Yaşanan gelişmeler Rusya’nın ekonomik krizi dış yardım almadan atlatamayacağını ortaya koymuştur. Rusya Merkez Bankası’nın Dolar karşısında Ruble’nin değerini belli bir aralıkta tutmaktan vazgeçmesi krizin derinleştiğinin bir göstergesidir. 1998 yılı sonuna kadar % 34’lük devalüasyon hedefi tutturulmadığı için Ruble’nin değeri serbest bırakılmıştır. 17 Ağustos 1998’de Rusya’yı hem devalüasyona hem de bankaların borçlarını tek taraflı olarak ödeyemeyeceklerini ilan etmeye iten nedenler içsel ve dışsal etkilerden kaynaklanmaktadır. İçsel etkenlerin başında makroekonomik temellerdeki kusurlar özellikle de mali açıklar yatmaktadır. Rusya 1992’den itibaren piyasa ekonomisine geçiş ve özelleştirme çabalarını yavaş da olsa hayata geçirmeye başlamıştır. 1995’te IMF ile görüşmelere başlayarak Mart 1996’da bir stand-by anlaşması imzalamıştır. 1995’te % 130 olan enflasyon oranını düşürmeyi, bütçe açıklarını azaltmayı ve bazı yapısal reformları yapmayı taahhüt eden yeni hükümet sıkı bir para politikası ile döviz kuru bandına müdahale ederek enflasyonu düşürmeyi başarsa da gevşek bütçe uygulamasını değiştirememiştir. Yeni hükümet ayrıca sübvansiyonları azaltmak, vergi gelirlerini artırmak hedeflerinde de parlamentonun tutucu kararlarına takılarak başarılı olamamıştır. Bu da vergi gelirlerini artıramayan hükümeti iç borçlanmaya yönlendirmiştir.
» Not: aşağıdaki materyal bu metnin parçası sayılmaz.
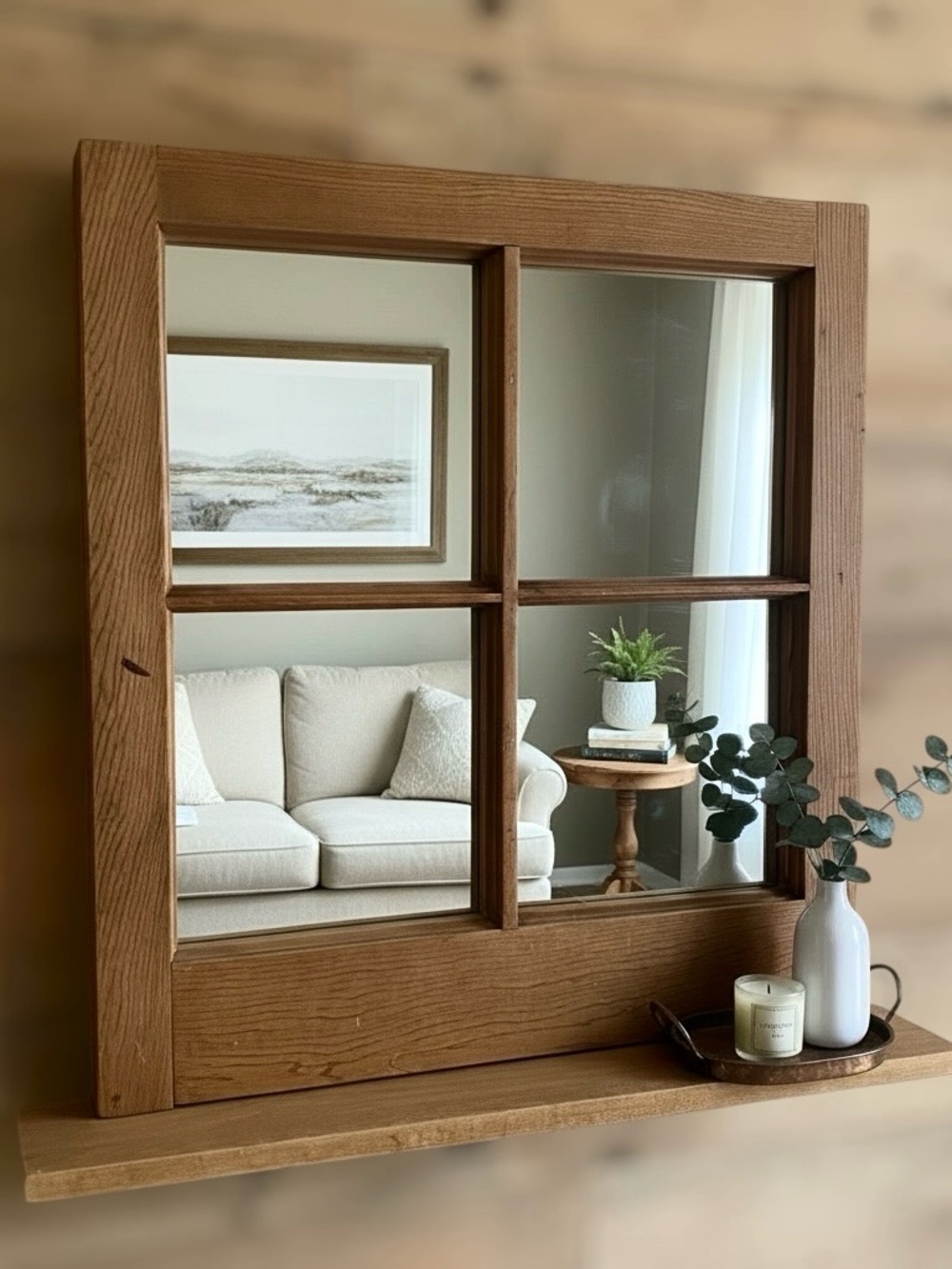 Vintage Wood Window Frame Hanging Wall Mirror and Shelf 4 Panes Distressed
Devlet iç borçlanma senetlerinin yıllık gelirleri diğer ülkelere göre yüksek olduğundan sermaye akımları özellikle Meksika krizi sonrasında Rusya’ya yönelmiştir.

Rusya’nın finans kurumları da portföylerinde devlet tahvillerini artırarak, dışarıdan döviz cinsinden borçlanmaya başlamıştır. Mayıs 1998 itibariyle yabancı yatırımcıların sahip oldukları hazine bonolarının değeri 20 milyar Dolar olup bu miktar mevcut hazine bonolarının üçte birini oluşturmaktadır. Güçlü petrol ve metal üreticilerinin ihracatlarını arttırmak için Ruble’nin değer kaybetmesini beklemeleri, spekülatif beklenti ve davranışların krizin oluşmasında rol oynayan bir diğer unsur olduğunu ortaya koymaktadır (IMF, 1998: 18).